Image courtesy Nine Inch Nails
Nine Inch Nails’ four-part album “Ghosts I-IV” took the crown in Amazon’s 2008 sales ranking for mp3 albums. Taking into account that Amazon’s mp3 store positioned itself against iTunes in terms of revenue, this placement would mean a considerable earning on the band’s side. What makes this interesting is the fact that the very same album was released for free under a Creative Commons license directly from the band’s website. However, people chose to pay for this album. This may seem special, but considering basically all music is still available for free illegally, the same could be said for almost every sale of an mp3 album. People choose to pay because they value the artistic work and the convenience offered by second-generation online stores like Amazon and Beatport. DRM-free offerings may play a significant role in this.

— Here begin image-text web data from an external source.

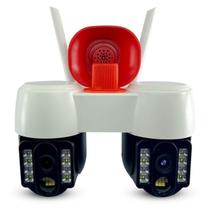 Camera de Segurança Duas Lentes Wifi APP Grava Voz PTZ Alerta Som Sirene Sensor Movimento Microfone Visao Noturna Camera de Segurança Duas Lentes Wifi APP Grava Voz PTZ Alerta Som Sirene Sensor Movimento Microfone Visao Noturna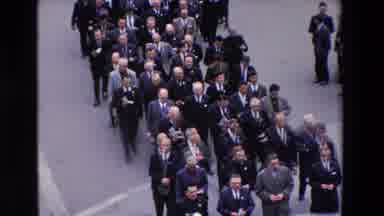 Paris France (1969): People Gathering In A Crowd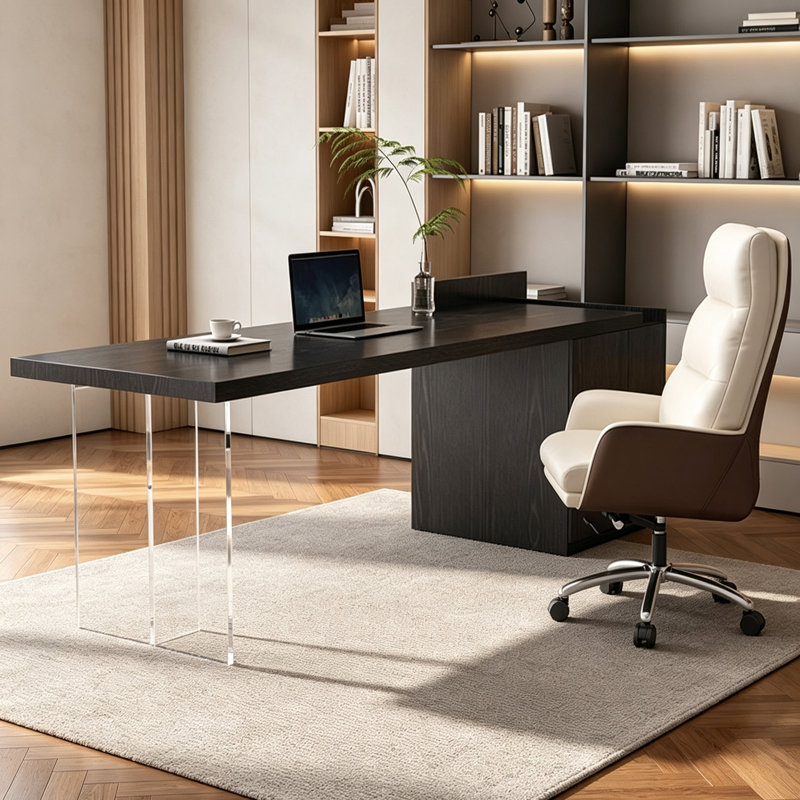 Bureau italien simple et élégant, 33.46" H x 70.87" W x 27.56" D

Nine Inch Nails apparently understood this and took the straight approach: Don’t make free downloads illegal; those downloaders are still your fans, and they may well pay for a concert. Maybe because they were given the free option, so many people felt enticed to pay for the download in the end.
Via Chris Anderson’s Long Tail Blog
As the “music only release” business model becomes more and more unattractive, especially when a physical medium is involved, the year 2009 may bring a lot of success stories around interactive releases that are not seen as mere “records”, but rather as games or applications. There are two main reasons why such concepts may play a bigger role in the future of releasing music:
– New distribution concepts for regular album releases are great if you already have a big name. Then, you can custom-tailor your release strategy to fit the needs of your project and your fans, while receiving a lot of attention from the public and press on the way. This worked well for Radiohead and Nine Inch Nails, but would probably not help an unknown producer in Kreuzberg get her name out.

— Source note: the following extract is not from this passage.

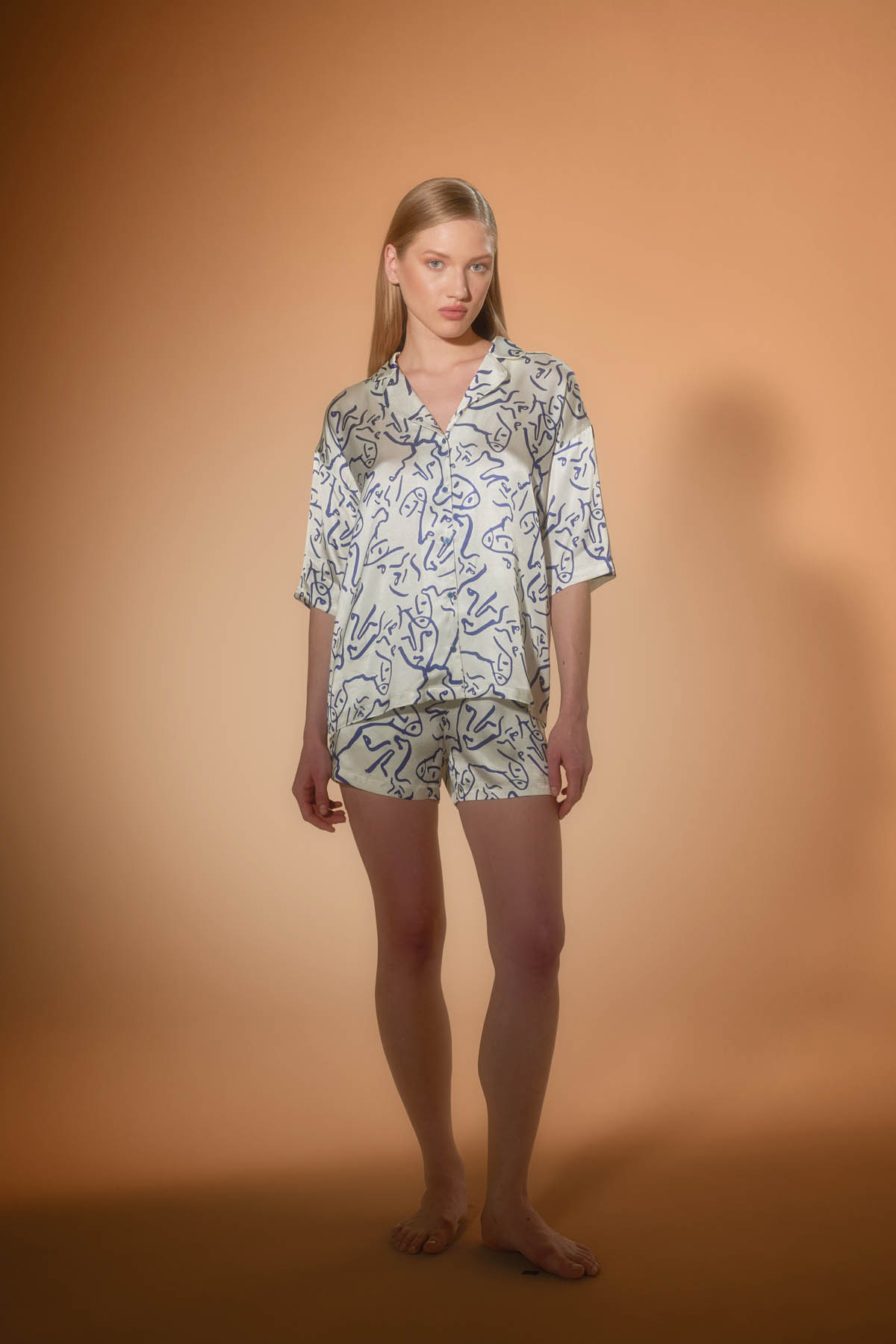 Kadın Vegan Dokuma Cepli Şort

– The app store concept goes hand in hand with the proliferation of ever more powerful, yet more or less closed systems. The ways to get new software onto any regular PC are so diversified, an app store for Windows Vista or Mac OS probably doesn’t have much impact in terms of revenue. However, on platforms that are either closed entirely, like most game consoles or an un-jailbroken iPhone, or that focus on convenience in getting new software onto the device, app stores will likely be the main portals you turn to for new software. And on these platforms, consumers are used to paying money for products. That’s one of the main reasons why they’re so attractive for music releases. Here, control is possible and its exertion doesn’t even bother the end consumers.

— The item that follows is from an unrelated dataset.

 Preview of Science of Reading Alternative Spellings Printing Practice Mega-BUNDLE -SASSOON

There are two sides to this story, really. On the one hand, any system that will help musicians pay their rent (not get insanely rich) with their artistic work should be welcomed, especially in these recessionary times. At the same time, though, we should worry when whole new macro-economies build around a technological platform that is controlled by one company – such as Apple, Sony, RIM, and Nokia, to name only a few. The way to go would be an open standard, a cross-platform application format that would be accepted in the app stores for mobile phones, game consoles, and netbooks alike.